In other words, 2011 will be a much different world than 2009 or 2010 when it comes to venture investing in green technology. Analysts expect venture capitalists to return to investing in early-stage startups, especially those focusing on energy efficiency.
The rapid rise of Chinese green tech companies that increasingly compete in U.S. markets has turned on its head the traditional Silicon Valley model – invent advanced technology in California, export it to the world and watch the cash roll in.
Meanwhile, the prospects for continued government support for renewable energy are looking increasingly shaky. A federal program that gave cash grants to cover 30 percent of the cost of multibillion-dollar solar and wind energy projects has been extended but only until the end of the year.
Developers will still be able to take a 30 percent investment tax credit through 2016, but since most have no profits to offset they must sell the tax credit to so-called tax equity investors in exchange for cash to build their projects. Problem is, the tax equity market largely collapsed during the Great Recession. A report from GTM Research estimates there will only be $3 billion to $4 billion in tax equity investment available for all renewable energy projects in 2011. That sounds like a lot of money, but given that a single large solar power plant can cost more than $2 billion to build, it won’t go far.
And the federal loan guarantees that have been crucial to getting large projects built is set to sunset in September. Besides Solyndra, other West Coast beneficiaries of the loan guarantees have been BrightSource Energy, the Oakland, Calif., solar power plant builder, and electric carmaker Tesla Motors – startups that would have had a hard time securing financing from risk-adverse lenders for technologies unproven in mass production.
“We’re going to see a return to early stage venture capital investing in clean tech in 2011,” says Dallas Kachan, managing director of Kachan & Co., a San Francisco research and consulting firm. “Investors are no longer piggybacking on U.S. government investment, which had skewed investment into more mature clean tech companies.

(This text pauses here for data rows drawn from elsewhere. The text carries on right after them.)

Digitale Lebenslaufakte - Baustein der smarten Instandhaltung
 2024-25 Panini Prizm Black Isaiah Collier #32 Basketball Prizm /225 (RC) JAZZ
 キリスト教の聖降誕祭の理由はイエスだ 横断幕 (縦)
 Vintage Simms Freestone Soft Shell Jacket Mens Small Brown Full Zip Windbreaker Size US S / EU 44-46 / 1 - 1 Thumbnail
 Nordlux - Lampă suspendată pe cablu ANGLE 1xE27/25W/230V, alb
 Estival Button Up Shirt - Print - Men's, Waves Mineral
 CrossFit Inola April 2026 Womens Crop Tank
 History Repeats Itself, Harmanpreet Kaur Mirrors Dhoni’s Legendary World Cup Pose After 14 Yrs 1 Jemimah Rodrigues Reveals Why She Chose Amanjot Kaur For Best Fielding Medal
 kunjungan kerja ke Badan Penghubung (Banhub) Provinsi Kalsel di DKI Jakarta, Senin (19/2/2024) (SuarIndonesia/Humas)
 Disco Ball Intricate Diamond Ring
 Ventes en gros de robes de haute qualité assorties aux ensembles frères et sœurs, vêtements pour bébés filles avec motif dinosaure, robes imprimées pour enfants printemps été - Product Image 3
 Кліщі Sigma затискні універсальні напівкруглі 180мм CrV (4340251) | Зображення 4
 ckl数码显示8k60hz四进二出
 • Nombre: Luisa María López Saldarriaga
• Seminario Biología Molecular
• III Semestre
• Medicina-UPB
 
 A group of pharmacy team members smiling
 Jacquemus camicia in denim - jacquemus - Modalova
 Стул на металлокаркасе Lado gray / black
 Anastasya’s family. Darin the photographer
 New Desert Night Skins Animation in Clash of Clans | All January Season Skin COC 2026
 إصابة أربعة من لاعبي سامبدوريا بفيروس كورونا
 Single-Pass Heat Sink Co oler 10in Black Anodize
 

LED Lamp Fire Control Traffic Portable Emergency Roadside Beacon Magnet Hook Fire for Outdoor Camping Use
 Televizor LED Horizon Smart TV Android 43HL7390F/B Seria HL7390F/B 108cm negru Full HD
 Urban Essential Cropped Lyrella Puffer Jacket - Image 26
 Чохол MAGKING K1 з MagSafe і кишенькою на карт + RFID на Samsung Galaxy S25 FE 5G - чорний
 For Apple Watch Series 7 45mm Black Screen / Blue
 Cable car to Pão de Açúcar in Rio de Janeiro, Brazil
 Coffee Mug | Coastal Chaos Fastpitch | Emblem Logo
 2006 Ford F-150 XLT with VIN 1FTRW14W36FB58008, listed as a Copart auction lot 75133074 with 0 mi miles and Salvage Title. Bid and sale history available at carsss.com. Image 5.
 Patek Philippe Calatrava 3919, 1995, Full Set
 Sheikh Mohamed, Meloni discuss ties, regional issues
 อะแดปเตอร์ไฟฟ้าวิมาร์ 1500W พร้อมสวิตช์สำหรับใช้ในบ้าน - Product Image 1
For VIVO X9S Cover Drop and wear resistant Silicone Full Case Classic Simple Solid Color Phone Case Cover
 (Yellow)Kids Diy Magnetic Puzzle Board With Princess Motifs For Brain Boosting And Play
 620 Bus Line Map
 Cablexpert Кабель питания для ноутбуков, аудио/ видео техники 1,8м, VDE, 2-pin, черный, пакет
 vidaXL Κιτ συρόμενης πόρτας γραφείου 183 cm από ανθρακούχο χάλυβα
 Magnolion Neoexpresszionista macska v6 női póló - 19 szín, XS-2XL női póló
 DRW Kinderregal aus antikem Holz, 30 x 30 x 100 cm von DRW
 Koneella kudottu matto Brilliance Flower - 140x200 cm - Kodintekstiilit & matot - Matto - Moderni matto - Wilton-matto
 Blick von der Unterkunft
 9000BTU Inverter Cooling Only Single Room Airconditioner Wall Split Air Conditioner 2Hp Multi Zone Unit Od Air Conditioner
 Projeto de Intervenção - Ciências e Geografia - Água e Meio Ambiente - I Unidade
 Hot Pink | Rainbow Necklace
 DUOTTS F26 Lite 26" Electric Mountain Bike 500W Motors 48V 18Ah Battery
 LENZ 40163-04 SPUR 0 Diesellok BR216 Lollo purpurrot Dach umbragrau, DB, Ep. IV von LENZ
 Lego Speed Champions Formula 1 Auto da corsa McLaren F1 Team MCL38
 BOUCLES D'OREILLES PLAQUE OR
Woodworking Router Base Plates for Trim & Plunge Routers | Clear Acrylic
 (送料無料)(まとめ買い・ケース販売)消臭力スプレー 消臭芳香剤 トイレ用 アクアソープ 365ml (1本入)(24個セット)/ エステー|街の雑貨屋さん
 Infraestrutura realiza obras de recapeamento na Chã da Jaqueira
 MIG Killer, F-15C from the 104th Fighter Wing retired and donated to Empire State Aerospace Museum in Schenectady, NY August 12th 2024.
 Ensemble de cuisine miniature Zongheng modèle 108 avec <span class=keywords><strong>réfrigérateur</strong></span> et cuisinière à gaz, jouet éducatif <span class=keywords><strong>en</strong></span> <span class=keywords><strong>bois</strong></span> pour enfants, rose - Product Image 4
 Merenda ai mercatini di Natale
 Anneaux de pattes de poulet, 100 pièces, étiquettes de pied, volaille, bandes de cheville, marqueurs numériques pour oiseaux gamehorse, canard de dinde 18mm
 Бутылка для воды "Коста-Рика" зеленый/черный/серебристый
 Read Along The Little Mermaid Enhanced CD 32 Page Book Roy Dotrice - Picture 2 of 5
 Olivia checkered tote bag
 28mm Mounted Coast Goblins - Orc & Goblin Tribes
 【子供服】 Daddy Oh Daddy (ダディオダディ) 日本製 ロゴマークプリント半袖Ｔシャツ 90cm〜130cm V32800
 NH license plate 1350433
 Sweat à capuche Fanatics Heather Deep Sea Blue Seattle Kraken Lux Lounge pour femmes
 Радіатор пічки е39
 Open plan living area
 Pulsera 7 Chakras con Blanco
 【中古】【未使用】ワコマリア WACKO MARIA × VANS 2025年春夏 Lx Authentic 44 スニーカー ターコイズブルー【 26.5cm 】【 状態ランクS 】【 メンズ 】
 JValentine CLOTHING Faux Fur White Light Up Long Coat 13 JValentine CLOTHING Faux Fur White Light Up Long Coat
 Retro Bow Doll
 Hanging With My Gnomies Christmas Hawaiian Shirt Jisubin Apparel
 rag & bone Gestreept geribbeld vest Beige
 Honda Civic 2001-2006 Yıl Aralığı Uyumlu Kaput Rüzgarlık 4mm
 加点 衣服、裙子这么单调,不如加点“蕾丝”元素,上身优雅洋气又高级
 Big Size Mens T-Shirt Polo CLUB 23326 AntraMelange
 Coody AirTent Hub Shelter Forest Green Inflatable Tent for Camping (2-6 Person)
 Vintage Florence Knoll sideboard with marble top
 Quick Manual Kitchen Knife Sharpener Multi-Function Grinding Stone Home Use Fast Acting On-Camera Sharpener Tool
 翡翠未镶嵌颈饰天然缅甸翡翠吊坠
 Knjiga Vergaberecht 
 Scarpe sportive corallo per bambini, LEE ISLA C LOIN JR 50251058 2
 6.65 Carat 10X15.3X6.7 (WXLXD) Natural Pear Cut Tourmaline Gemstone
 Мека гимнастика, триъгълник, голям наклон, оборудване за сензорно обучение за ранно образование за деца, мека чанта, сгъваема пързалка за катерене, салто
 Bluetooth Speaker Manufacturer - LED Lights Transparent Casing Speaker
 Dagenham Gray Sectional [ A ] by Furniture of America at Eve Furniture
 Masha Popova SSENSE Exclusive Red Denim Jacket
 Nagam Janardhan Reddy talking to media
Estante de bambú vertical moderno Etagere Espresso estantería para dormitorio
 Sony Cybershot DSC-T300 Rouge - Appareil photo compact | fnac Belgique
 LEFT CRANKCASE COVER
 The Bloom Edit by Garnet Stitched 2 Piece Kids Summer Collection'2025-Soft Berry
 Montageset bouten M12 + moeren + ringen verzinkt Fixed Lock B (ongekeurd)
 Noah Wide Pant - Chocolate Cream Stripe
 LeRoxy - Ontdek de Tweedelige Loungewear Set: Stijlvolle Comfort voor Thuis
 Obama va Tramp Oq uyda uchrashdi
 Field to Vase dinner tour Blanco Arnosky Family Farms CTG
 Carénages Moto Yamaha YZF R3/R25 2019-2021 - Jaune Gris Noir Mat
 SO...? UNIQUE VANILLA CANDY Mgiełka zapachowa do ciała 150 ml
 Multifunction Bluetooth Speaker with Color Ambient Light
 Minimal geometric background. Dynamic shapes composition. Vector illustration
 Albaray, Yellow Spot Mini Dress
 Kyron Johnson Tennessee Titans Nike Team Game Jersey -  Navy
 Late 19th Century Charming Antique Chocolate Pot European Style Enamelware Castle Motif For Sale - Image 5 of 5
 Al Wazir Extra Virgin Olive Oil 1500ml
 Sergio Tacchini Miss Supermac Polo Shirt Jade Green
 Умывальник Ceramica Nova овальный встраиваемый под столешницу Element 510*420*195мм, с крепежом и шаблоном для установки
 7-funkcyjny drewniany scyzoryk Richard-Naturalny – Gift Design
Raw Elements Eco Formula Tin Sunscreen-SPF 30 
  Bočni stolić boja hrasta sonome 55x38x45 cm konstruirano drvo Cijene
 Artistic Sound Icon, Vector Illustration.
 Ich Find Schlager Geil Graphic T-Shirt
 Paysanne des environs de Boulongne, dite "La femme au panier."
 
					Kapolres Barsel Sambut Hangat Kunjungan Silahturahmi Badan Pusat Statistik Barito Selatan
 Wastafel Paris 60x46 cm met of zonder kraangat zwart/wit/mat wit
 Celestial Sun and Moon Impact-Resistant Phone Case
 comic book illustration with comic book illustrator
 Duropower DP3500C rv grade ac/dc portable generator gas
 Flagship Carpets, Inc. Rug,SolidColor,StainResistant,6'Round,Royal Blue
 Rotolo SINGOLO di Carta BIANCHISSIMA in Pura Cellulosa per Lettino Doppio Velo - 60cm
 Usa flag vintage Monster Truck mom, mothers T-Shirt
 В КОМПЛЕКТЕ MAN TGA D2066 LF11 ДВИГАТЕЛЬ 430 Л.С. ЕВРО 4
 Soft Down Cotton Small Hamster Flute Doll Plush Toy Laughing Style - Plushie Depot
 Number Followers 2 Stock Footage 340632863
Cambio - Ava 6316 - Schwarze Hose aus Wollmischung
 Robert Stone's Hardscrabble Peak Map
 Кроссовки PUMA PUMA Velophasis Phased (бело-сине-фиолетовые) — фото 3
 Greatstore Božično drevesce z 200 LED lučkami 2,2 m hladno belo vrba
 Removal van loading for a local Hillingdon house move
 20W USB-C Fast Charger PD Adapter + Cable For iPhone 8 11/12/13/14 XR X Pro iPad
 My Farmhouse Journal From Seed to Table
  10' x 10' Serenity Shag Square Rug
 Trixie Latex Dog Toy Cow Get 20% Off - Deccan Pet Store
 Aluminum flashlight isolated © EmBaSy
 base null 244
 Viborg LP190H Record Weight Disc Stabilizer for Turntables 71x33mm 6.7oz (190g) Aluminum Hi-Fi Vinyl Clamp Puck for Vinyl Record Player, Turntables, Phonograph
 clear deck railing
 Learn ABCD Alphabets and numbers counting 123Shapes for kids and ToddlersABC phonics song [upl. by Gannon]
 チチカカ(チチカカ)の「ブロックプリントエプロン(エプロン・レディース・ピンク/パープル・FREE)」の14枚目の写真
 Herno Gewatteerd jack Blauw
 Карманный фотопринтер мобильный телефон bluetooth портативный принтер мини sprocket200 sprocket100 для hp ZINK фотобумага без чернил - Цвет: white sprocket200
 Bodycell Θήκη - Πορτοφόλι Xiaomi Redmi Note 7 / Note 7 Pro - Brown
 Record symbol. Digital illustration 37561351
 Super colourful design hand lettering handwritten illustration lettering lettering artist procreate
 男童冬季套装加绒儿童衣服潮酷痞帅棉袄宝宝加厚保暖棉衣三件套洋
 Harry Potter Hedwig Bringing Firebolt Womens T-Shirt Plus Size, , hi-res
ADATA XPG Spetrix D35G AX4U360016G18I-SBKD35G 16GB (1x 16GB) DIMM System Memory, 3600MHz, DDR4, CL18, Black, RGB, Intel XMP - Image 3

Those funds are now largely allocated.”
Kachan pegs energy efficiency as the “rock star” of 2011.
“We expect continued massive investment and corporate activity, which just really got underway in 2010, for example in GE’s many efficiency announcements, investments and acquisitions,” he says.
In November, for example, General Electric created a new home energy management division to consolidate various products and services and develop new technologies. The global conglomerate has also become something of a venture capitalist itself. Its $200 million Ecomagination Challenge has invested in startups developing technology for green building and the smart grid.
Among the winners: Silicon Valley’s Soladigm, which manufactures windows that incorporate electronics that allow them to darken. That helps keep buildings cool during sunny summer months and warm in the winter when they lighten to trap the sun’s heat.
Federal mortgage regulators have stymied a program called Property Assessed Clean Energy, or PACE, that was expected to drive hundreds of millions of dollars in home energy efficiency retrofits and rooftop solar arrays by allowing homeowners to pay back the cost of the work through a 20-year surcharge on their property tax bills. (See “Retrofits pick up the pace,” page 22.)
But cities, counties and states on the West Coast are barreling ahead with alternatives to let homeowners finance retrofits through charges on their utility bills, for example. In Davis, Calif., the city council has given its blessing to a community solar power plant that plans to let residents buy a plot of photovoltaic panels and the electricity they generate – through a surcharge on their water bills.
If oil prices continue to spike, Kachan expects venture capitalists to revive their interest in advanced biofuels.
“In 2011, venture investment in clean tech will return to what it does best: seeking out emerging early stage technologies and teams that promise good multiples, in the absence of governments putting large amounts of capital to work themselves,” he says.
And what of that rock star of years past, solar?
The photovoltaic market will boom in 2011, according to analysts, but Jacob of Virgin Green Fund says U.S. solar startups that hope to compete against low-cost Chinese competitors need to develop cutting edge technology and then find a market to dominate.
“If you come to us and show us the ability to go where no one has gone before and the niche is big enough, that’s still very interesting to us,” he says.